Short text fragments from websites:

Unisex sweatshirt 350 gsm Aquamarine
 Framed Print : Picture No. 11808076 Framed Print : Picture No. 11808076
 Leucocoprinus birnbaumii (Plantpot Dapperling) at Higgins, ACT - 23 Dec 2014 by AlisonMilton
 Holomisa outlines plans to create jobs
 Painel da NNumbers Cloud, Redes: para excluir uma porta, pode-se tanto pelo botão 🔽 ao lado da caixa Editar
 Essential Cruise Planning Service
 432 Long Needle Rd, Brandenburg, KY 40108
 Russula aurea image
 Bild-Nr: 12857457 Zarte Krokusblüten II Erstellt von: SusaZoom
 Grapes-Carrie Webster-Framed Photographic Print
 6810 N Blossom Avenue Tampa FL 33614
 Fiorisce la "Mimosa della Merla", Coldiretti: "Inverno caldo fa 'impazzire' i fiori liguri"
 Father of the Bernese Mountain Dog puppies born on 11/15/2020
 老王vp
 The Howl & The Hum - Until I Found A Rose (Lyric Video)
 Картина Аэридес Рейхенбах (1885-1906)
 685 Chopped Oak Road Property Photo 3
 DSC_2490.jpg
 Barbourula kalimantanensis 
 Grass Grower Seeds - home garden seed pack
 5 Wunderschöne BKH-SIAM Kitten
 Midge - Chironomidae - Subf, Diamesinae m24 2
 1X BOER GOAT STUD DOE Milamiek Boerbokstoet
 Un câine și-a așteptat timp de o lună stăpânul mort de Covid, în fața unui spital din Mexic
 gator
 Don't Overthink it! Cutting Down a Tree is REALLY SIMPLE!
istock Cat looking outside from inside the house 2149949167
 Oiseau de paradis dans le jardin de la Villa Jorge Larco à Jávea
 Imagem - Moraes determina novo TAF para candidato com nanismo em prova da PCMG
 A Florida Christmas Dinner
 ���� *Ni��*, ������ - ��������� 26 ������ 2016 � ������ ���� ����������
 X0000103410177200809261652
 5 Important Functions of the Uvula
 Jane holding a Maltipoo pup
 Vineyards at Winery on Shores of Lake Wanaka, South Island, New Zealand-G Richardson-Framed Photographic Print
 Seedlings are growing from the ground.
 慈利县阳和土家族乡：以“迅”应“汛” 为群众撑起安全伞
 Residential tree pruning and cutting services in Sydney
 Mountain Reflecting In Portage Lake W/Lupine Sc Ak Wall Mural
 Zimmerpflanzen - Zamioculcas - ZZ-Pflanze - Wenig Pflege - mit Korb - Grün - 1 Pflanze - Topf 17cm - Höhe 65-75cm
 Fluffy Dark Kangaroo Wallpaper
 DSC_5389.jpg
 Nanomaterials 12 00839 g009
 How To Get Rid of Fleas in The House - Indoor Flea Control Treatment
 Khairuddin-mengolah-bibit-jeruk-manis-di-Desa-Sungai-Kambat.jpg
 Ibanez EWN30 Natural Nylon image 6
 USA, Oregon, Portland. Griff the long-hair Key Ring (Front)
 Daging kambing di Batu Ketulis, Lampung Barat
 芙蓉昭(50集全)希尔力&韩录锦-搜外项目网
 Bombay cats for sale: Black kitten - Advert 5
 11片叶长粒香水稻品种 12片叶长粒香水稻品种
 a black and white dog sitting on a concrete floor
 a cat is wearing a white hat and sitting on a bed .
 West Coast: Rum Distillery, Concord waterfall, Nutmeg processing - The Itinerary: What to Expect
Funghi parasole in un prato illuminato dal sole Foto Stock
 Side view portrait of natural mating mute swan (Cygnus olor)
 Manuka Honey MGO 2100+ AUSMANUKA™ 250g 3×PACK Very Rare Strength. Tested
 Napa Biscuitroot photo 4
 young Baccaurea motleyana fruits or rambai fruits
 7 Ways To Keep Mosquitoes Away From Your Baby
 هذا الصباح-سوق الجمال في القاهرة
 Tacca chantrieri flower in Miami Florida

* Prompt *
Look above for the line holding "Ibanez EWN30 Natural Nylon image 6". Print it and every line after it, exactly, through the line holding "a cat is wearing".

* Result of this exercise *
 Ibanez EWN30 Natural Nylon image 6
 USA, Oregon, Portland. Griff the long-hair Key Ring (Front)
 Daging kambing di Batu Ketulis, Lampung Barat
 芙蓉昭(50集全)希尔力&韩录锦-搜外项目网
 Bombay cats for sale: Black kitten - Advert 5
 11片叶长粒香水稻品种 12片叶长粒香水稻品种
 a black and white dog sitting on a concrete floor
 a cat is wearing a white hat and sitting on a bed .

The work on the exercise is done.